Huh, I just read a few posts back and I can see I've last posted about the technoversions front diff mount?

Well, as mentioned I'd reverted back to the strap, I got all the suspension on to the car and found that I'd got the parts round the wrong way on the car (that's what I get for relying on mechanic - I don't own a press you see):

IMG_20230409_131149.jpgIMG_20230409_131435.jpgIMG_20230409_131427.jpg

I then took apart my struts to swap the springs around and then also found the same mechanic had put the 1inch puck under the rear top hats in the wrong place (they were doing nothing slid over the damper):IMG_20230416_141905.jpg
IMG_20230416_141859.jpg

The front end is a little high in the image as, it needed 2x persons sat in the front to get the weight correct for final torque. In fact - I think I still need to loosen the front stabiliser bar (or sway bar as it's commonly referred to) now that the suspension is ran in a bit.

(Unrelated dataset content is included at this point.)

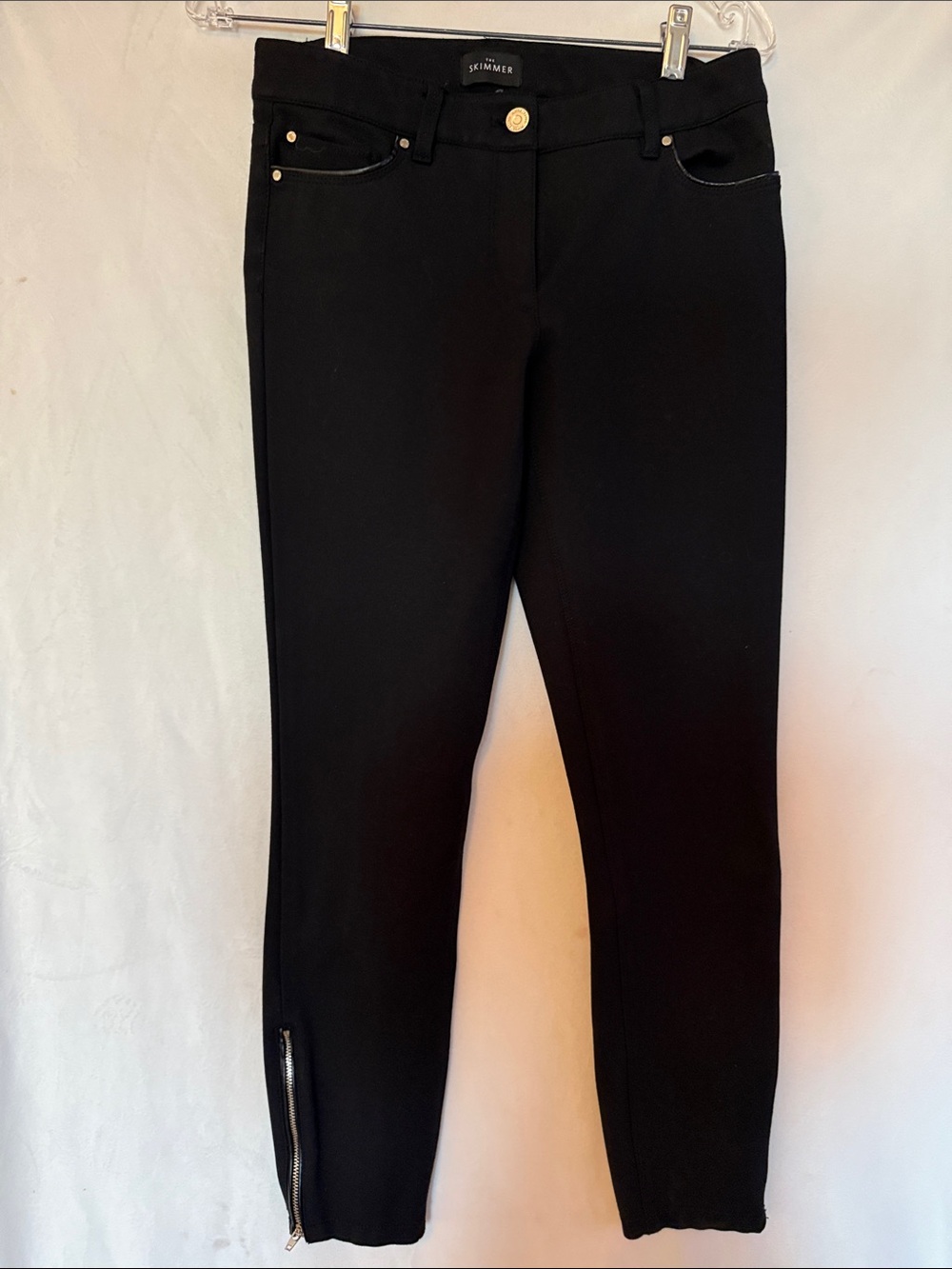 White House Black Market Black Ankle Zip Ponte Pants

I also put MSA's upgraded compression rods in with rubber and not poly bushes as I'd read somewhere that it tends to snap because it's too stiff?

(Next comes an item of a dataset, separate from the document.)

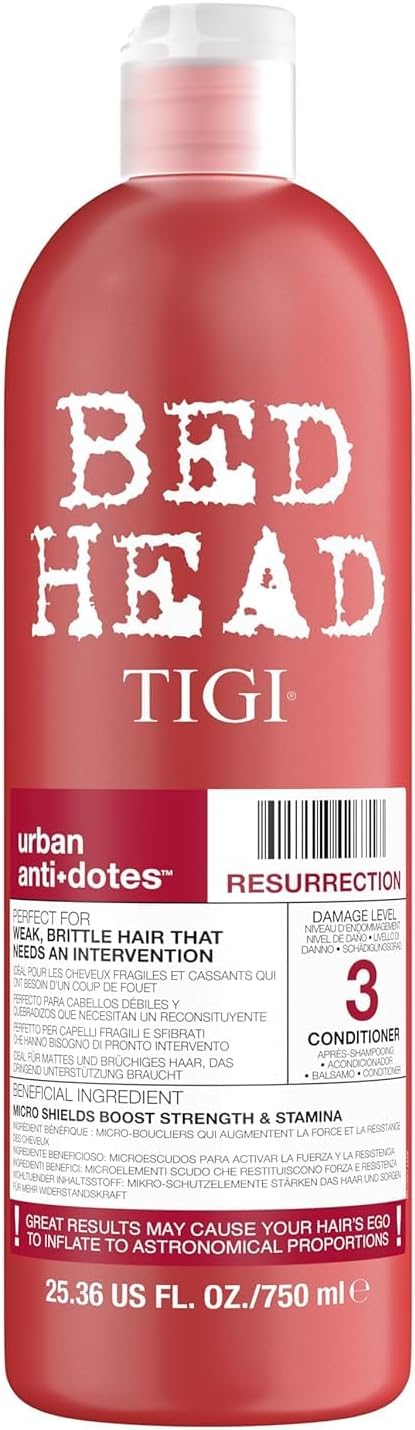 TIGI level three damage repair shampoo and conditioner duo bottles showcasing product benefits for brittle hair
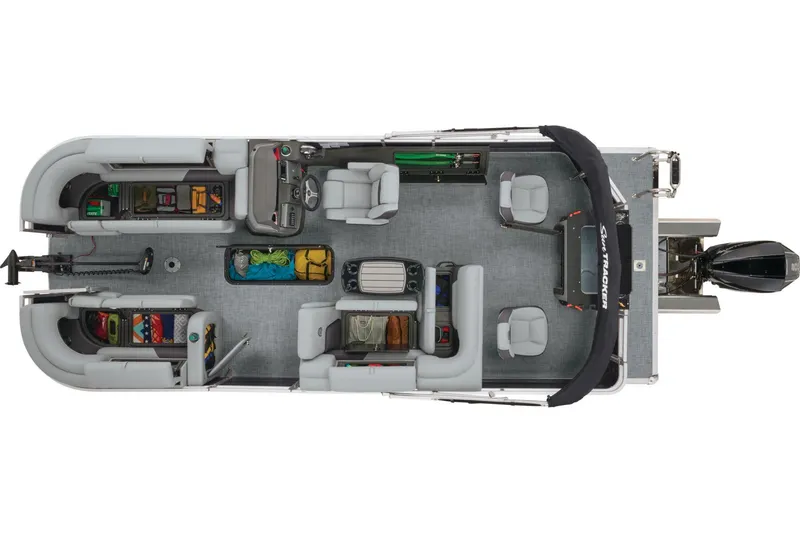 Slide: The Image of 2026 Sun Tracker SportFish 22 XP3 boat seat, gray upholstery, sleek design. - 31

I'm kicking myself as I didn't store my alloy wheels properly when the car was going through this, they look like I've curbed them and will need some TLC.

Got issues with my brakes where the fluid from the front reservoir is leaking somewhere but, @Farmer42 pointed out it could be between the vacuum pump and master cylinder. So I've bought a new MC but have yet to fit it (I've not searched for the leak though but, mysteriously I found no evidence where it could be).

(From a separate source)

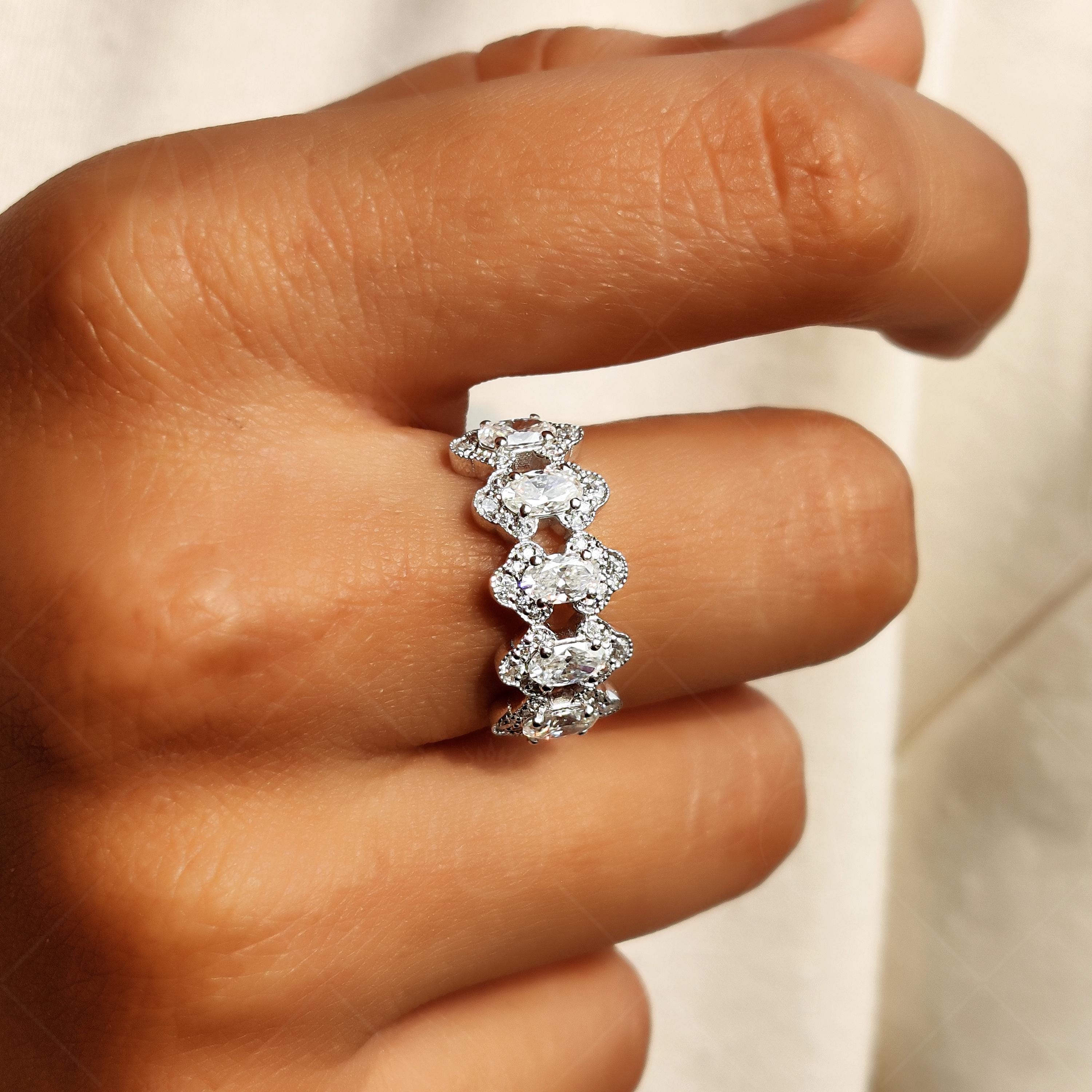5 Stone Moissanite Oval Cut Halo Style Split Shank Milgrain Anniversary Band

Had to get a new hand brake cable from eBay as, T3 let me down - I've got an earlier '72 Z and as you'll find out, Datsun were rolling upgrades constantly on these cars. Mine lands on just before they changed the size of where the handbrake cable mounts at the ends, on the rear strut assembly:
IMG_20221020_175700.jpg
IMG_20221020_175651.jpg

I drove it to Donnington last year and that was a massive highlight for me, I wanted to make the year before but, bit off more than I could chew with the suspension renewal. Here's some pics whilst out with the 'Southwest Datsun Drivers' local group:
IMG-20230611-WA0007.jpgIMG-20230612-WA0008.jpgIMG-20230604-WA0000.jpg

The car could use new tires and I think I'll change the oils in the engine, gearbox and diff for peace of mind next.

Still got stainless steel exhaust system to replace my current standard exhaust, got stainless bumpers to go on as well.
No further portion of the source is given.